Back in my day, we didn’t have this fancy Melbourne Model whatchamacall it. We also had to walk 30 miles to get from one lecture to the next. In the snow. Without shoes on. Backwards.
I’m an old school undergrad. Or, at least, that’s what we call ourselves to pretend we’re all young and hip (perhaps half the problem is referring to ourselves as ‘hip’).
I completed my Bachelor Degree under the old model. So I profess my ignorance to many of the intricacies of the Melbourne Model. But one thing I remember was the controversy. I remember a lot of the ‘old school’ people complaining about the breadth component. It took me a while before I bothered to find out what breadth was.
Each year, a student is required to take two breadth subjects; this means a subject from a faculty besides your own (or inter-disciplinary).
“What?” I hear you say. “I’m here to do a Science degree, not to take non-science subjects!” At least, this is what I heard the masses complaining about a few years ago.
To take a Science degree, in fact any degree, with the notion that you should only take those subjects is – I feel – to miss out on a truly amazing opportunity.
Under my degree, we didn’t have any such requirements. But in first year, I took two History and Philosophy of Science [HPS] subjects. It was perhaps the best decision I ever made. One subject in particular was perhaps the best subject I did in my degree, taught by one of the most revered lecturers at The University of Melbourne. He retired that year, and the turn out to his last Science, Philosophy and History lecturer was phenomenal: people were crowding the hallway to hear it.
I was amazed. I was inspired. I had to find out more.
So I continued taking HPS subjects: I believed that in order to use science, to be a scientist and to move forward within science, I ought to know where we’d come from.
But more than that, I loved the classes. So much I ended up co-majoring in HPS. Like any faculty, a few of the subjects were so-so. But many of them were the most rewarding subjects I ever had the pleasure of taking.
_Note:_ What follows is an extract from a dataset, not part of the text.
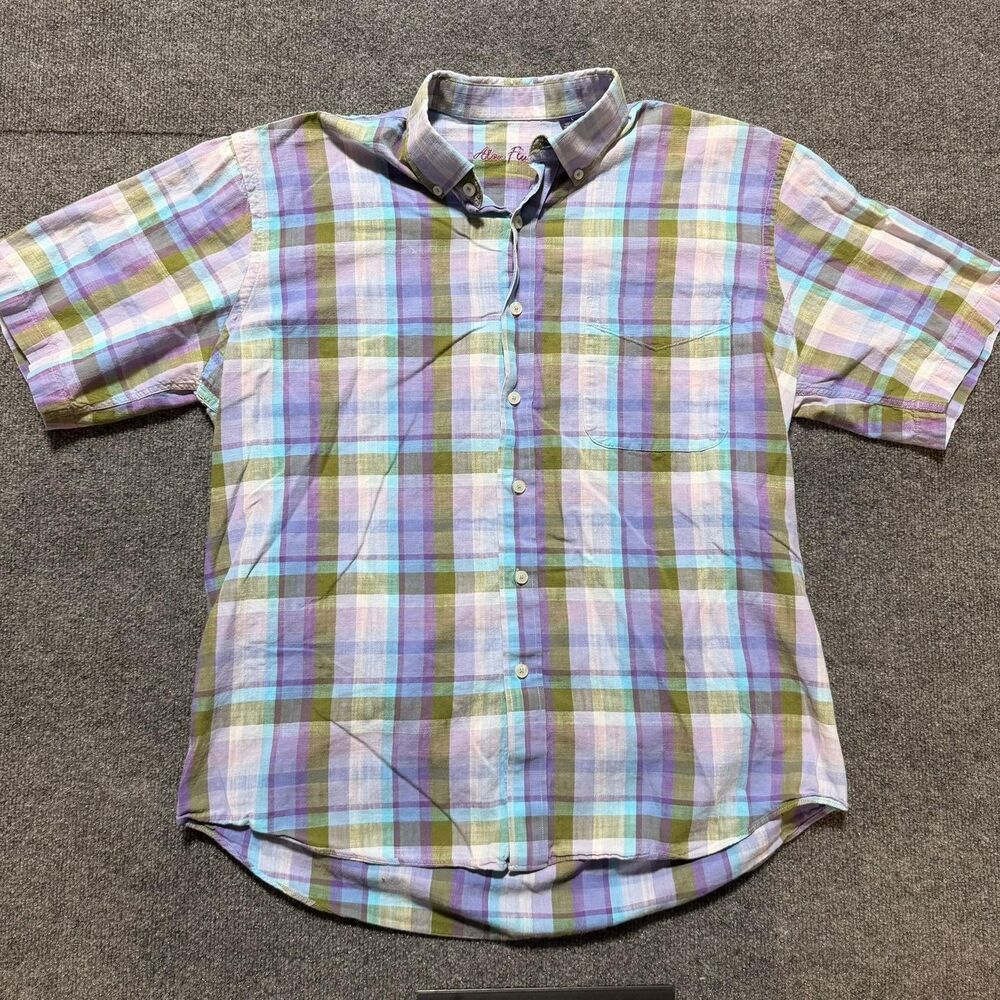 Alan Flusser Shirt Mens Large Multicolor Plaid Short Sleeve Button Up Casual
HPS was called the hidden secret of The University of Melbourne. I quickly understood why.
What’s more, it was something entirely different from my other classes. The assessment was different, too. Essays rather than exams. Tutorials of philosophising, rather than calculations. It made my brain tick in an entirely different manner. Not to mention that, without HPS, my essay writing skills would have atrophied by the time they were finally called upon again in my 3rd year Science subjects.
It changed me as a scientist. It’s amazing how many misconceptions I hear on a daily basis about science and science history from scientists and non-scientists alike – even academics. I can recount several occasions when I was sitting in a lecture silently glad for what HPS gave me as I listened to some incorrect account of the Trial of Galileo, or of Darwin’s apparent ‘eureka’ moments. Without it, I wouldn’t have the knowledge, nor the skills to critically analyse what I was exposed to.
Breadth may or may not teach you any subject matter that you think you will use in your career. But it will teach you to think in a whole new manner. It will expose you to another way of learning and another way of thinking. Something that you will use in whatever career you pursue.
So whether you go to Melbourne University or not, I urge you to take that bull by the horns. There’s plenty of time to specialise in post-grad. Embrace the opportunity for all it’s worth: take subjects that sound fun, that interest you purely for the subject matter, not because it’s a prerequisite to something else.
It may just be one of the best things you ever do in your undergraduate life.